Casey’s False Reliance Claim

For now, I’ll highlight just one more article (on top of the two I covered in these posts) in the new “End Roe” issue of National Review.

In its stare decisis analysis of Roe v. Wade, the plurality opinion in Planned Parenthood v. Casey (1992) concocted what Chief Justice Rehnquist in dissent properly labeled “an unconventional—and unconvincing—notion of reliance.” In the plurality’s view:

[F]or two decades of economic and social developments, people have organized intimate relationships and made choices that define their views of themselves and their places in society, in reliance on the availability of abortion in the event that contraception should fail. The ability of women to participate equally in the economic and social life of the Nation has been facilitated by their ability to control their reproductive lives.

Set aside the fact that this is not the sort of reliance—detrimental reliance—that stare decisis protects against (see EPPC amicus brief at 14-15), and set aside further that the democratic processes can fully take into account these concerns. Even on its own terms, Casey’s reliance argument fails.

As my EPPC colleague Erika Bachiochi explains, easy access to abortion encouraged “more sexual risk-taking,” which in turn “resulted in more children conceived, and increasingly outside of marriage.” This has not benefited women generally:

Ironically, in the world that Roe created, the risks of sex — and the responsibilities of having children — have been assumed disproportionately by women. For far too many men, children are no longer part of the sexual bargain.

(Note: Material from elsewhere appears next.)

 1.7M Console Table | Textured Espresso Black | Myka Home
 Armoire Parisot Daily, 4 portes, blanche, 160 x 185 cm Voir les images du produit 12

Further, Bachiochi argues, Roe and Casey

bear some blame for the fact that workplaces remain deeply inhospitable to women (and increasingly men) with children. Rather than challenge workplace norms head-on, the decades-long quest for unfettered abortion feeds into the model of the ideal male worker who is beholden to no one but his boss. If abortion is what enables women to participate in the workplace, then perhaps costly accommodations, flexible work schedules, and part-time-pay equity are not so necessary.

Recalling a history that many choose to ignore, Bachiochi concludes:

The earliest women’s-rights advocates in this country knew that for women to participate more fully in the economic and social life of the nation, the nation would need to become far more hospitable to children and the women who bear them. The first woman to run for president of the United States, in 1872, was not only an outspoken advocate of constitutional equality for women, she also advocated the rights of children — rights that, as she said, “begin while yet they remain the fetus.” Victoria Woodhull and the women’s-rights advocates of her time knew what 1970s feminist advocates of abortion would come to forget: The advancement of women will be possible only when the dignity of their children, born and unborn, is protected.

(Bachiochi’s article draws on the amicus brief that she co-authored on behalf of a large group of women scholars and professionals in the pending Dobbs case.)